I do not foresee the necessary ultimate outcome of the plea on Mr. Ricci's behalf, nor do I pretend to know all of the possibly relevant facts to be taken into account, or of the particular statutes and precedents which might be relevant. I am, however, deeply concerned with any appearance of a threat to a decent standard of practice in writing or enforcing of law by our Federal government. Ricci vs. DeStefano concerns me, not only as a matter affecting an individual, but in my sensed responsible as one among notable public figures who knows the importance and the present difficulties in securing an honest judgment in certain areas of the practice of law under recent U.S. Federal administrations and the courts associated with them.

Whether Mr. Ricci's reported dyslexia should have been considered as a physical disqualification for the duties to be performed, is a different matter. If Mr. Ricci were qualified as having passed the examination, that remains a true fact in the judgment of any fair and intelligent citizen. The absence of a qualified African American for the award on that occasion, should have no bearing on the qualification of Mr. Ricci himself. There are other routes by which the intent of the fairness statute could have been served.

Our Constitutional system should never have pretended to treat persons of different human ancestry as if they were representatives of a different race than any other member of the human race. No law should be allowed to stand if such a distinction is made, except in the case of preventing racial discrimination against a human individual. The appropriate legislation required was always available, but the intent to bring it actually into play was at fault.

What Legislation Is Needed?

The problems and failures of the implementation of the objectives of anti-discrimination measures must be addressed from the following standpoint, or they will never be realized at all.

Admittedly, denying Mr. Ricci the right to claim the degree of qualification he had earned, is not to be compared, in itself, as comparable to the Nazi-like euthanasia practices of the Adolf Hitler regime. Nonetheless, the case of Ricci vs. DeStefano suggests the same kind of systemic error of intent in application of statutes and precedents which, carried into the domain of the citizen's right to life itself, has already resulted in the notorious crimes against humanity by the Hitler regime, and which is also the clearly fatal implications of any toleration for the current health-care proposals of the Obama Administration. It is the system of law which is in need of defense, even without considering the relative magnitude in the effect of a possible injustice, defense against the assault by the Obama Administration, presently, against a decent consideration of the individual's sacred right to life.

The Remedy In Ricci

If the account presented by the Washington Post were not in error, then the only reason for withholding Mr. Ricci's prospect for appointment would bear upon his capability of performing the duties for which he would have been fairly designated as a suitable candidate for a relevant appointment to some available position.

The most urgent issue of civil rights is posed by the declared intent of the Obama Administration itself.

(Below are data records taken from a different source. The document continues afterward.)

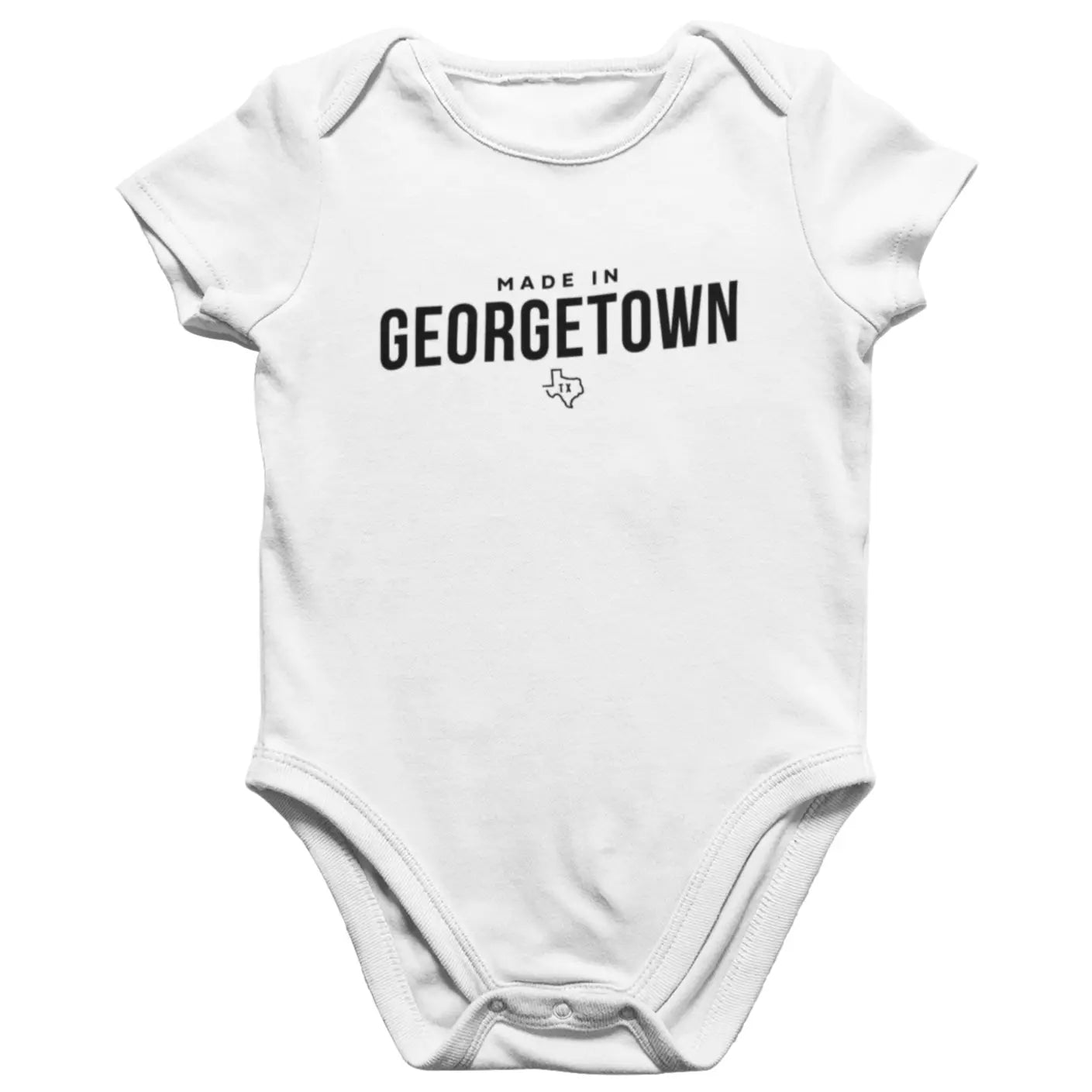 Made in Georgetown Onesie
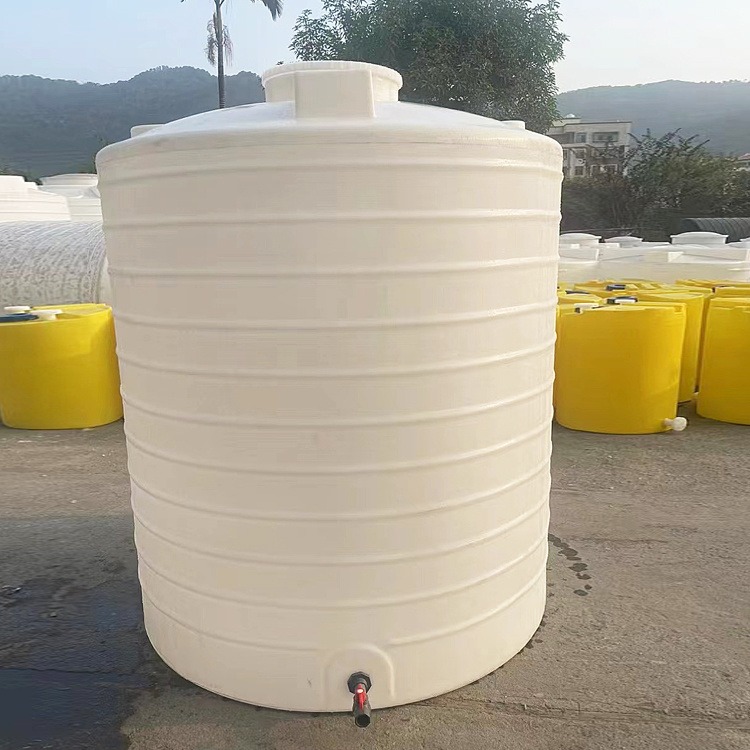 1吨塑料立式储罐浙东1000LPE化工容器食品级 农林灌溉 水肥一体系统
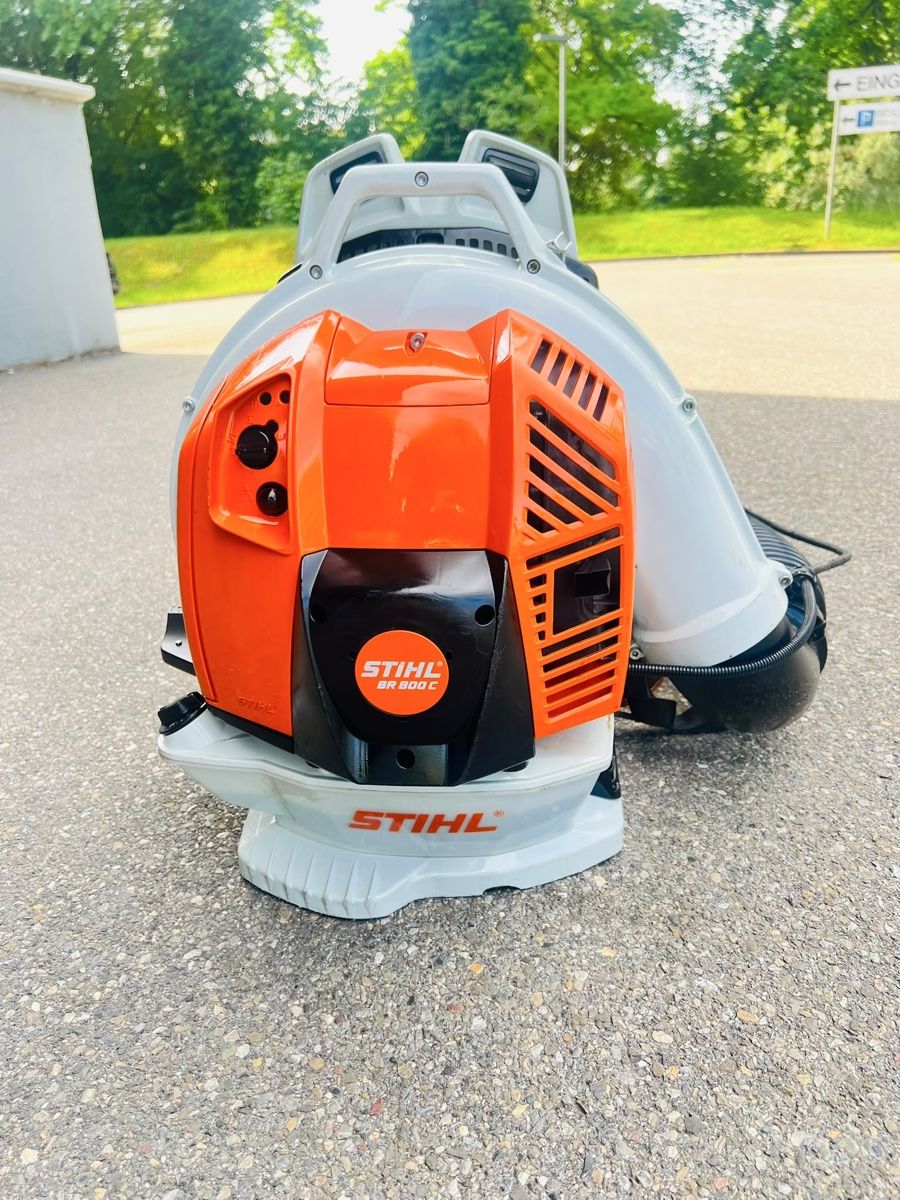 Stihl Soffiatori & Aspiratori per foglie: Laubbläser Stihl BR 800 C Profi  – Usato da Urdorf venduto da mas_5wfz 2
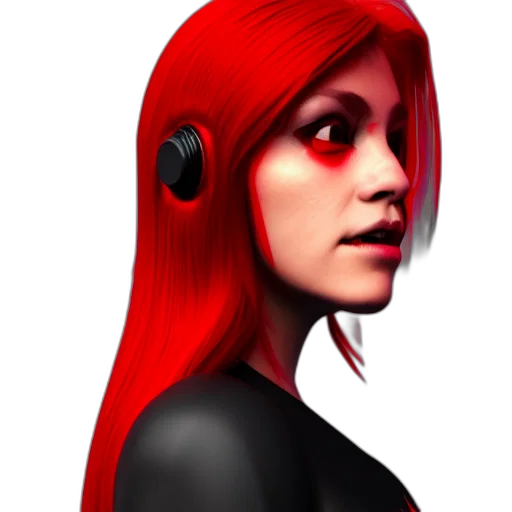 face, mask, concept art, fantasy art transparent PNG cut-out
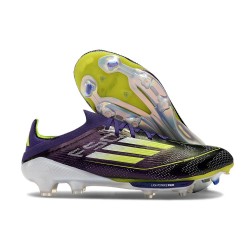 adidas F50+ Elite FG Lila Gul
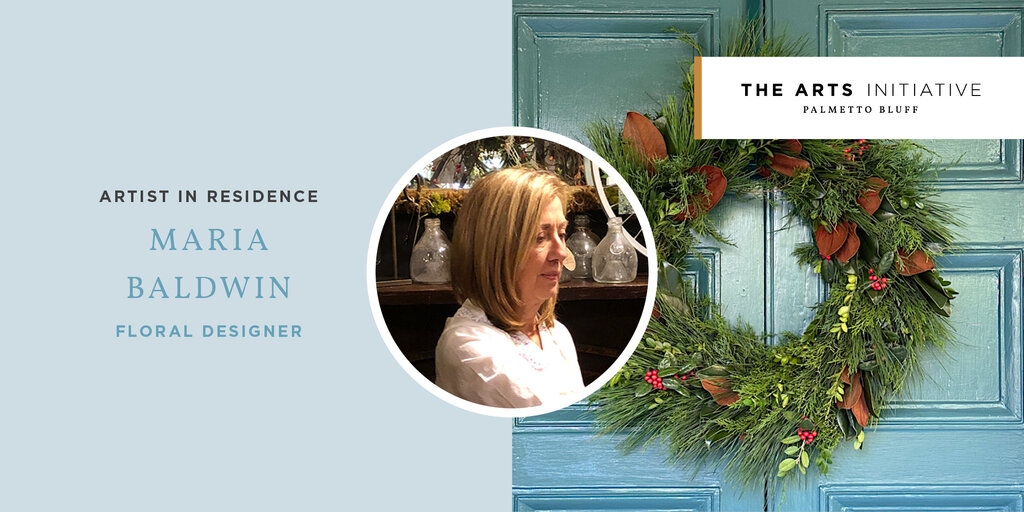 Maria Baldwin - December Artist in Residence Banner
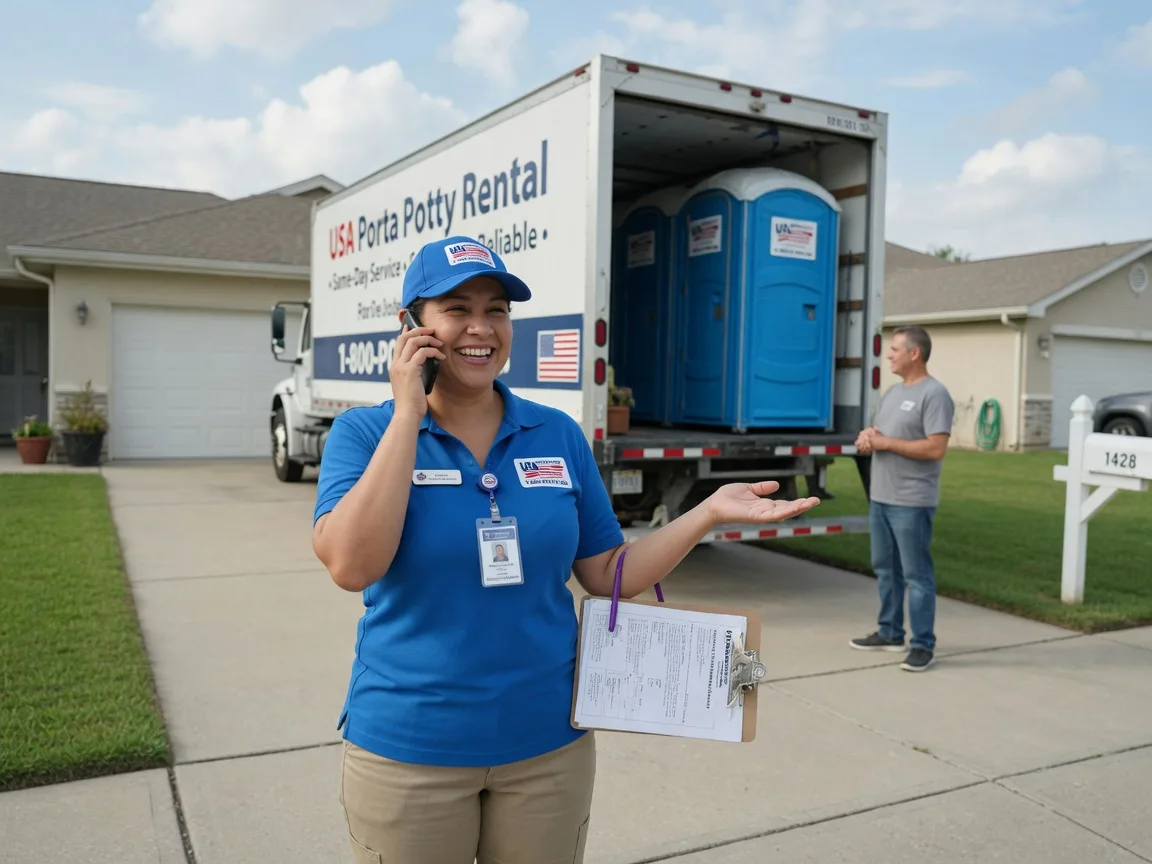 Portable Toilet Rental Ruby, SC FAQs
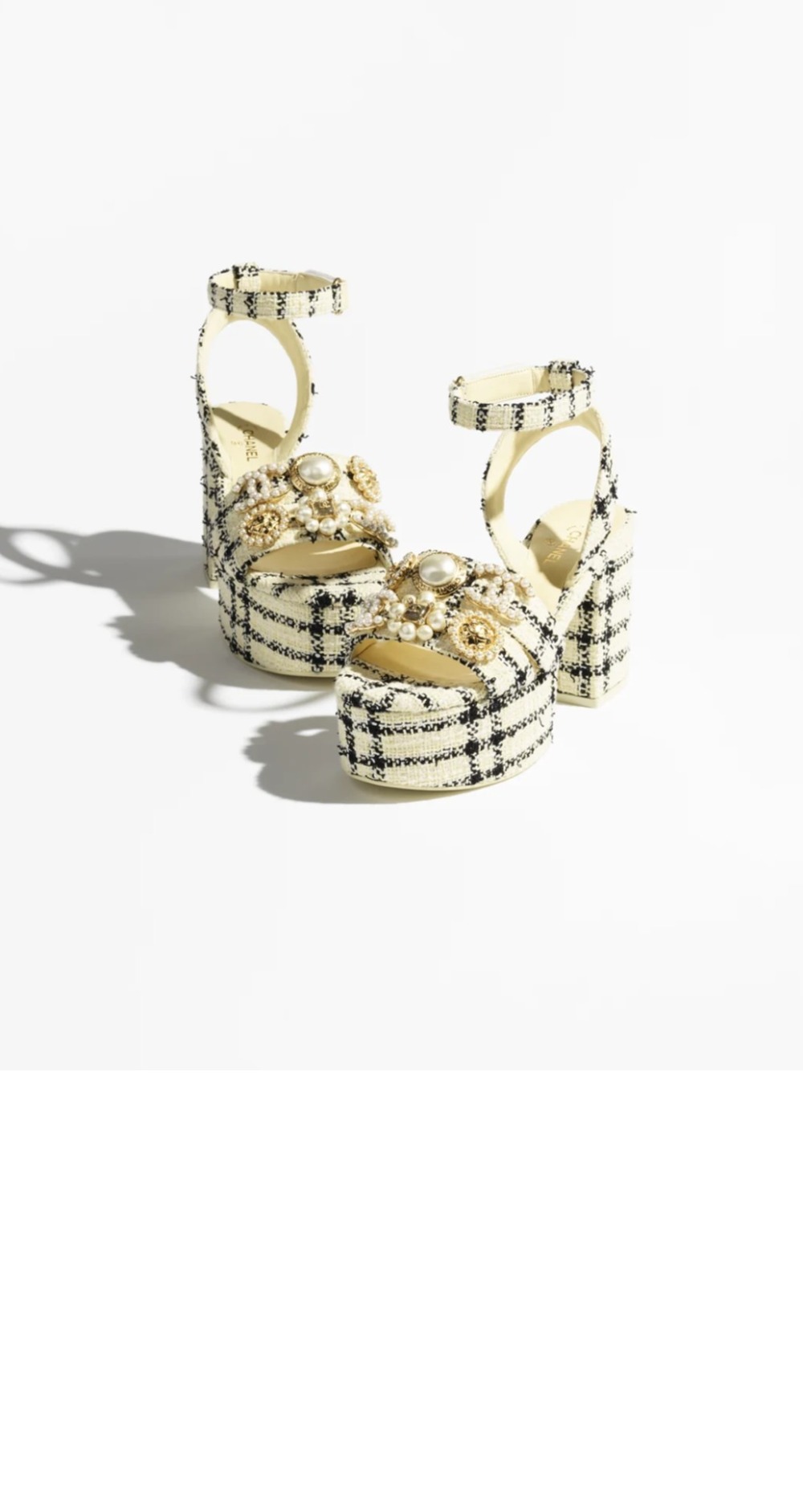 미러급레플리카사이트 | 명품레플리카 전문 쇼핑몰  | A퀄리티 - 트위드 샌들 G46423 &gt; 샤넬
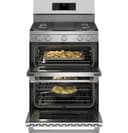 30" Smart Free-Standing Gas Double-Oven Range with Convection view 3
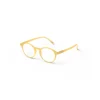 Izipizi: #D Læsebrille Yellow Honey +3 (Læsebriller)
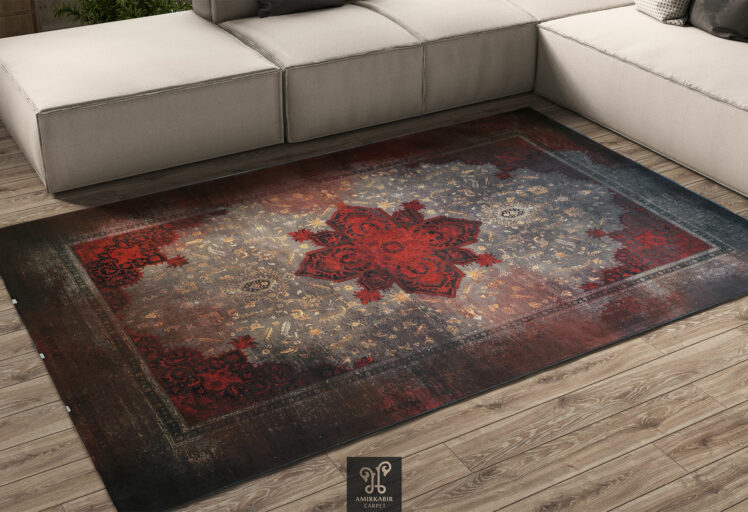 Carpet 1200 reeds - Amirkabircarpet - Colorful Carpet - 1200 reeds Colorful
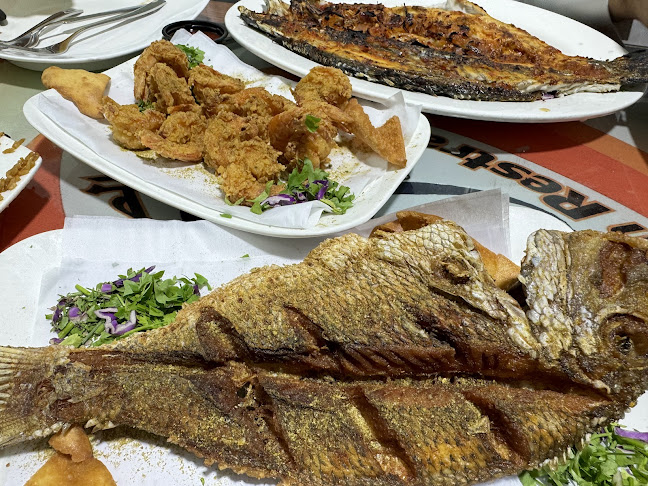 مطعم الصعيدي للأسماك الطازجة - الضيافة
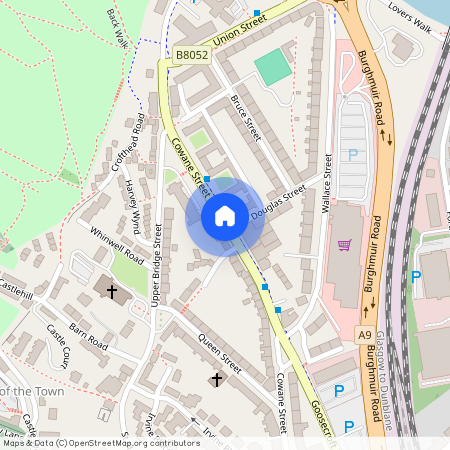 Cowane Street, Stirling Town, Stirling, FK8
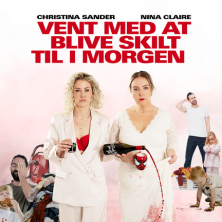 Vent med at blive skilt til i morgen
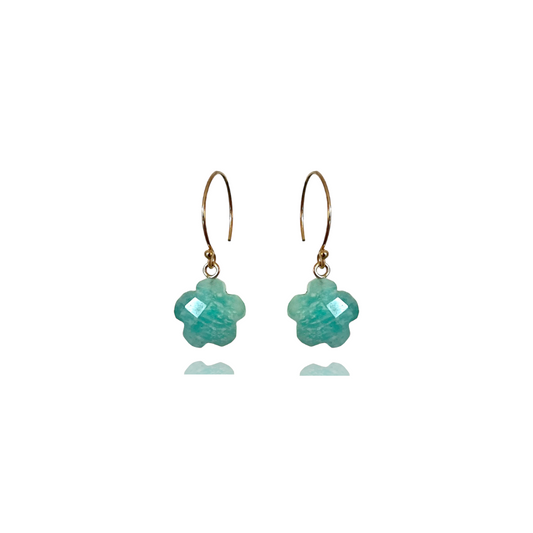 Nauru Amazonite Earrings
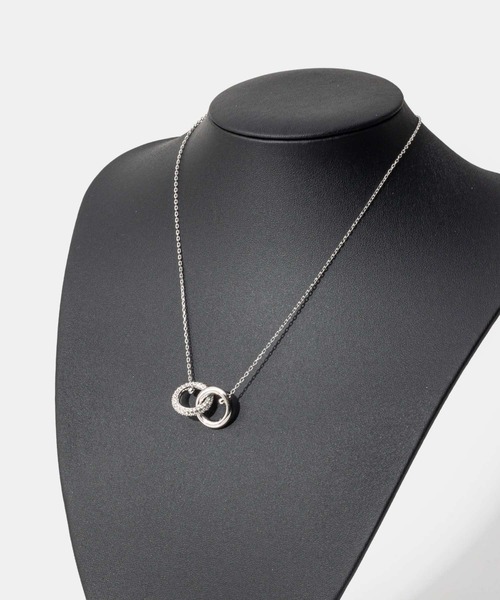 関税送料込◆SWAROVSKI スワロフスキー ◆デクステラ ネックレス セール】Swarovski DEXTERA:PEND INTERLINKED CRY/RHS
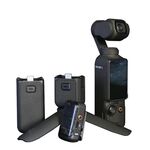 Per adesivi per fotocamera DJI Pocket 3 Pellicola protettiva antigraffio non adesiva (matrice nera)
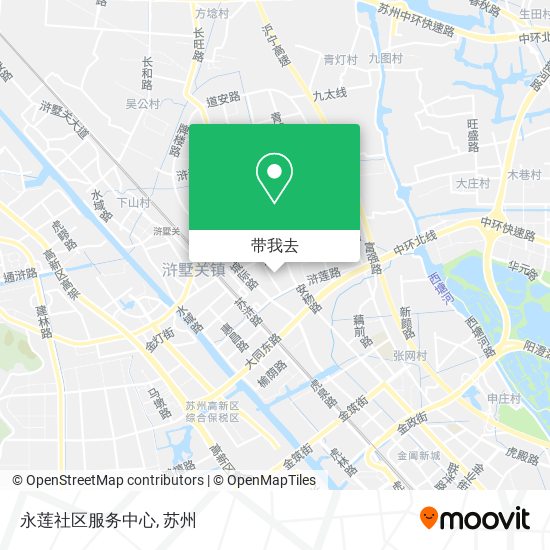 永莲社区服务中心地图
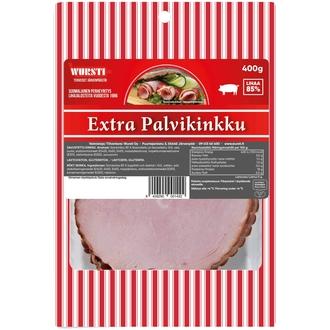 Wursti Extra Palvikinkku siivutettu 400g kalorit ja ravintosisältö - 100 kcal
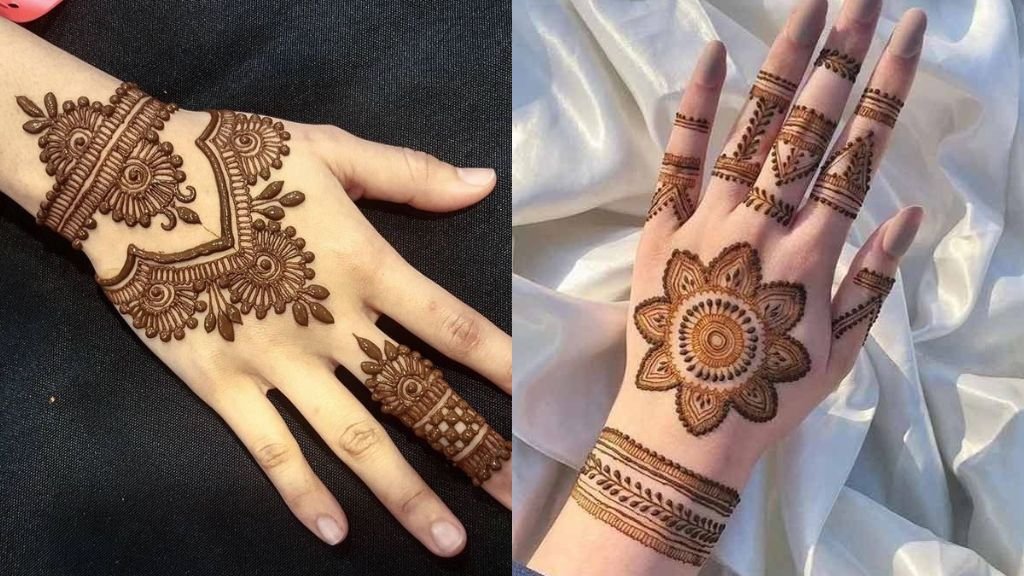 Mehndi Design Simple Image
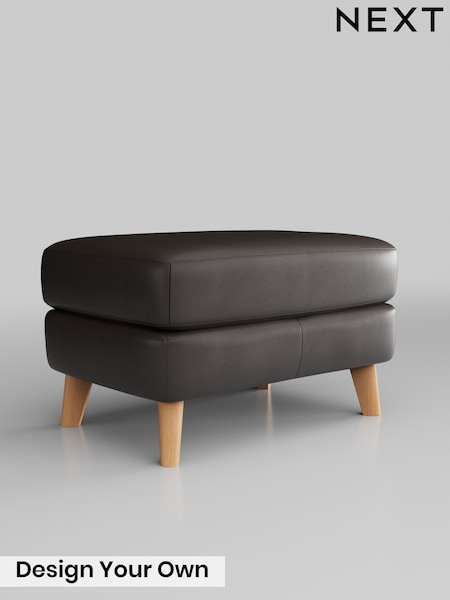 Columbia/Dark Brown Parker Leather (H37406) | £450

We are currently presented with a proposition uttered by the incumbent President of the United States, who has presented himself, repeatedly, as committed to establishing the adoption and hotly pressed implementation of a particular evil, proposed body of law which would introduce the methods of discrimination against the very right to life of the category of persons who are given an accelerated ride to death on grounds of their age or by the use of comparable, evil standards of practice under the currently proposed U.S. law, presented by the Obama Administration.

Unless the so-called health-care reforms presently proposed by President Obama are prevented, all talk of civil rights were an ugly farce in the tradition of Adolf Hitler's Tiergarten-4.